Under the ACT's legislation, a person will be able to access voluntary assisted dying if they have an illness that is advanced, progressive and expected to cause death. They must have decision-making capacity and be "in the last stages of life".

But doctors have also expressed concern at the wording of "in the last stages of their life", which is used as part of the eligibility criteria for voluntary assisted dying.

A submission from the group Doctors for Assisted Dying Choice said this was not a recognised medical expression or an established legal phrase.

"To many people 'in the last stages of life' means the last few days of life but it could also be argued that anyone over 80 years of age is in the last stages of life although they may still have many years of healthy existence ahead," the submission said.
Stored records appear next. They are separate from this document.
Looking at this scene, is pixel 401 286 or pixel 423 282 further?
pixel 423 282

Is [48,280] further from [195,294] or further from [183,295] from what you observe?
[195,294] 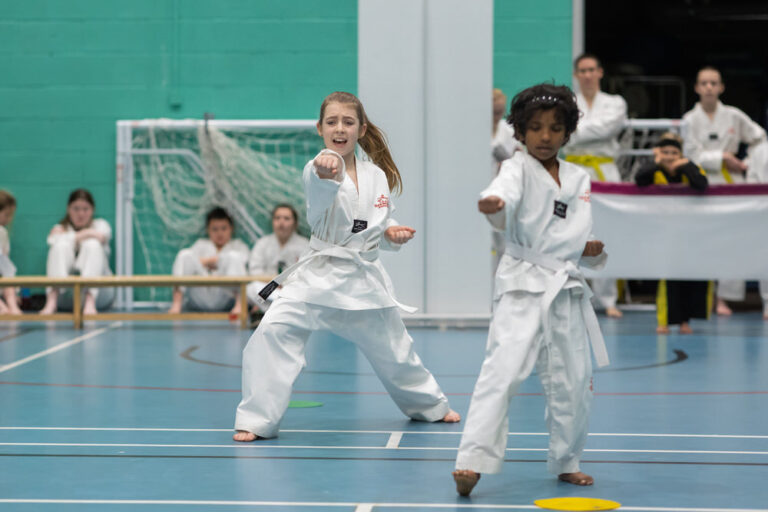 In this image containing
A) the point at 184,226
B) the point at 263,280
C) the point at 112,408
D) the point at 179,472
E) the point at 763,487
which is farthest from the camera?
the point at 184,226

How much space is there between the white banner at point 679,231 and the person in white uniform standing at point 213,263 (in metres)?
3.41

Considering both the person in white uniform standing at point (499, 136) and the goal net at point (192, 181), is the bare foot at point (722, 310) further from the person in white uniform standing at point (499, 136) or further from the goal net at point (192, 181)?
the goal net at point (192, 181)

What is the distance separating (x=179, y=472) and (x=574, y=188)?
5.26 ft

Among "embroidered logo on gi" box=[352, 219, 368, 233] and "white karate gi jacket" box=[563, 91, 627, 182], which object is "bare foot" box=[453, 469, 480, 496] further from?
"white karate gi jacket" box=[563, 91, 627, 182]

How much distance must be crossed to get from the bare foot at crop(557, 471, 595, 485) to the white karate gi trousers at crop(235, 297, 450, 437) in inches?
44.8

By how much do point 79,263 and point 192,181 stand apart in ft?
4.76

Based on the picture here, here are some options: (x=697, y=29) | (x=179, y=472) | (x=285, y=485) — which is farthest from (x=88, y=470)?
(x=697, y=29)

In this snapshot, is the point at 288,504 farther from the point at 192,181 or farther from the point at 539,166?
the point at 192,181

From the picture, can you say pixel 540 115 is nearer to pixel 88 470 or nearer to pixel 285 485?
pixel 285 485

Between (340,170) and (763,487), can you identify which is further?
(340,170)

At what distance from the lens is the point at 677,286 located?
8.20 m

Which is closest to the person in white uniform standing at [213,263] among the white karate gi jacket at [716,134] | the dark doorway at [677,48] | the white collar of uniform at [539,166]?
the white karate gi jacket at [716,134]

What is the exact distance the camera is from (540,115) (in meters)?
3.48

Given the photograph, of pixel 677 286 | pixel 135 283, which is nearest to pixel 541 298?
pixel 677 286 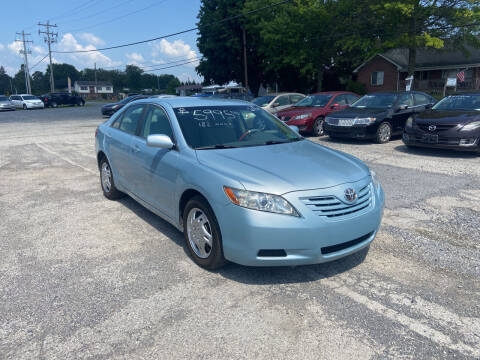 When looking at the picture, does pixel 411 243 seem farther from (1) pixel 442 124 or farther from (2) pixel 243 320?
(1) pixel 442 124

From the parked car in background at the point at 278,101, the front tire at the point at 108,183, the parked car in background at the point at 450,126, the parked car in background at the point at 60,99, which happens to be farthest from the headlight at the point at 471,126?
the parked car in background at the point at 60,99

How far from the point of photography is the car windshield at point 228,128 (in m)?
4.12

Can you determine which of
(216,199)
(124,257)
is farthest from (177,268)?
(216,199)

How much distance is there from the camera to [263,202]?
3123 millimetres

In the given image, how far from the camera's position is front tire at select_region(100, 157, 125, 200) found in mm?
5887

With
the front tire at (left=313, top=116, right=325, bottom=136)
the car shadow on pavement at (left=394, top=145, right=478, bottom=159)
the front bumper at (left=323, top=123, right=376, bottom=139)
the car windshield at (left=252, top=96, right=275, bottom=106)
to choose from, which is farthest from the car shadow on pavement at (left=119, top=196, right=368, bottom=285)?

The group proposed the ACT consider a different definition: "in the opinion of the individual, after discussion with their coordinating practitioner, consulting practitioner, or treating medical practitioner, they are in the last stage of their life, or are in the last stage of their life with decision-making capacity".

The group also suggested the ACT could amend the criteria to say a person was eligible if the only treatment they could receive for their illness was palliative or only used to ease pain or suffering.

Doctors for Assisted Dying Choice was complementary of the ACT's decision to not include a required time frame for death, saying it would allow patients with early dementia to access voluntary assisted dying.

Public hearings are likely to be held as part of the inquiry in the new year with the committee required to hand down its report by the end of February.

Human Rights Minister Tara Cheyne is hopeful the bill will pass in the first half of 2024, meaning Canberrans would be able to access voluntary assisted dying by the end of 2025.